I have a loop that loads two float*
arrays into __m256
vectors and processes them. Following this loop, I have code that loads the balance of values into the vectors and then processes them. So there is no alignment requirement on the function.
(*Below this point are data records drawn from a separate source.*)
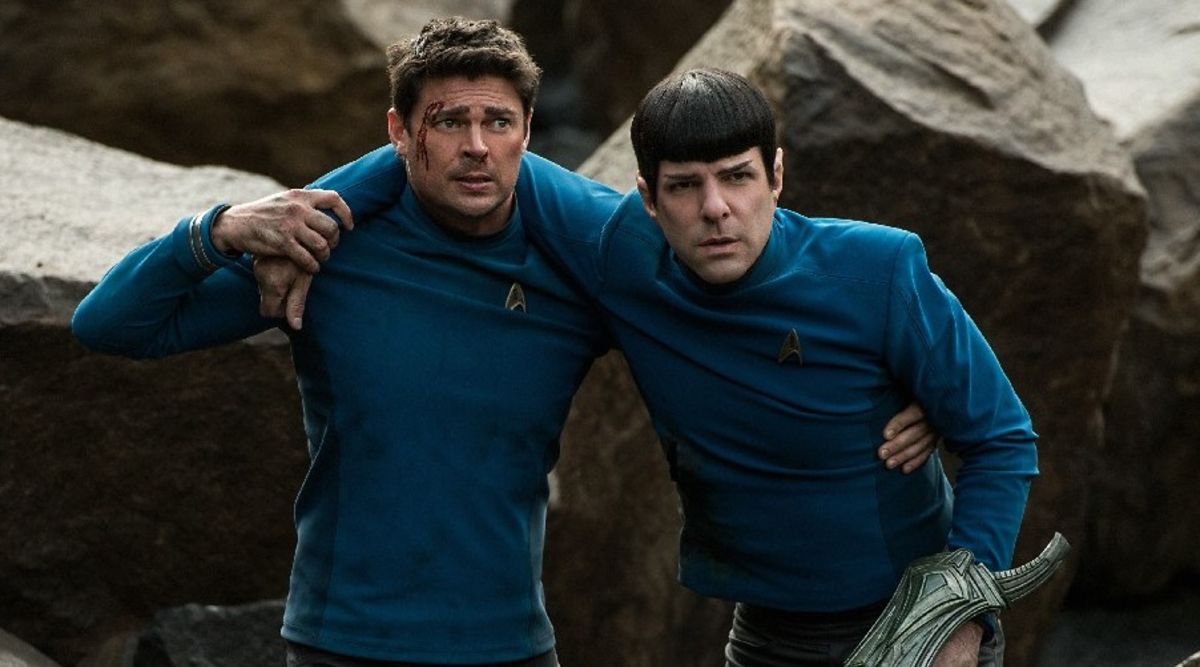 Star Trek Beyond: Bones e Spock in una nuova featurette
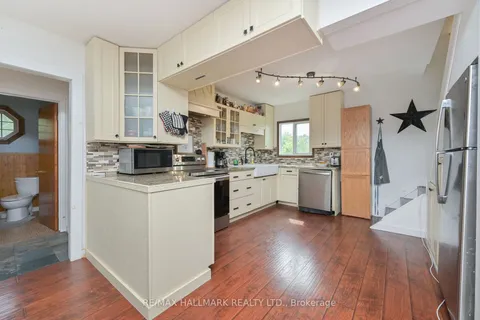 1071 Wood St, Innisfil, ON L0L 1R0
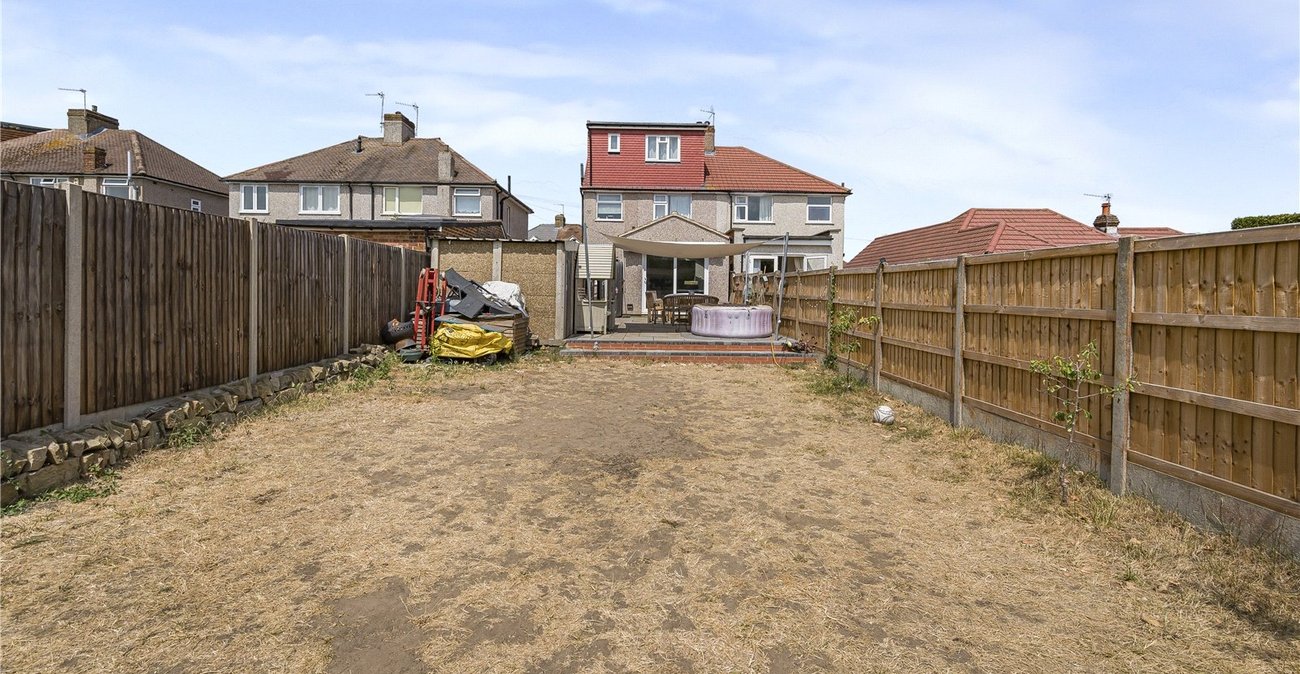 4 bedroom house for sale in Dartford | Robinson Jackson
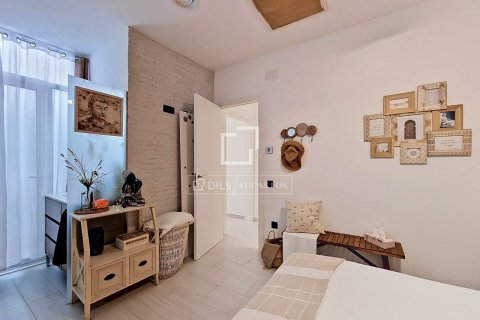 Apartamento de 2 dormitorios en venta en Vilanova i la Geltrú, Barcelona, Cataluña, Spain № 6806 - foto 17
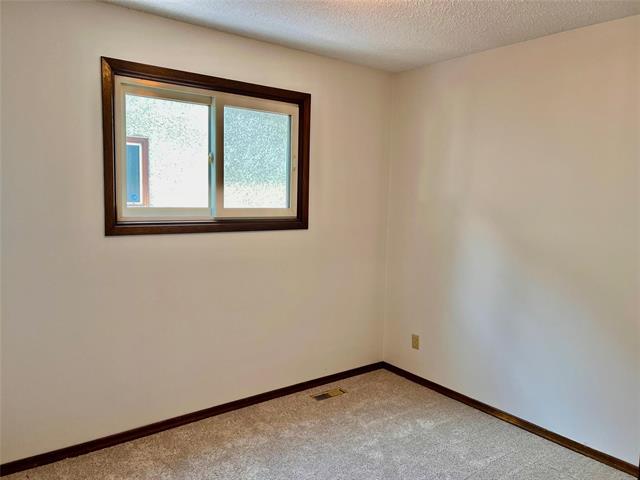 69 Red Oak Dr, Winnipeg, MB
Here is the code that loads the balance of the data into the vectors:
size_t constexpr FLOATS_IN_M128 = sizeof(__m128) / sizeof(float);
size_t constexpr FLOATS_IN_M256 = FLOATS_IN_M128 * 2;
...
assert(bal < FLOATS_IN_M256);
float ary[FLOATS_IN_M256 * 2];
auto v256f_q = _mm256_setzero_ps();
_mm256_storeu_ps(ary, v256f_q);
_mm256_storeu_ps(&ary[FLOATS_IN_M256], v256f_q);
float *dest = ary;
size_t offset{};
while (bal--)
{
dest[offset] = p_q_n[pos];
dest[offset + FLOATS_IN_M256] = p_val_n[pos];
offset++;
pos++;
}
// the two vectors that will be processed
v256f_q = _mm256_loadu_ps(ary);
v256f_val = _mm256_loadu_ps(&ary[FLOATS_IN_M256]);
When I use Compiler Explorer, set to "x86-64 clang 16.0.0 -march=x86-64-v3 -O3" the compiler unrolls the loop when the assert(bal < FLOATS_IN_M256);
line is present. However, assert()
is ignored in RELEASE
mode, meaning the loop won't be vectorized and unrolled.
To test, I defined NDEBUG
and the loop is vectorized and unrolled.
I have tried adding the following in the appropriate places, but they don't work:
#pragma clang loop vectorize(enable)
#pragma unroll
#undef NDEBUG
The compiler should be able to see from the code before the snippet above that bal < 8
but it doesn't. How can I tell it this assertion is true when not in DEBUG
mode?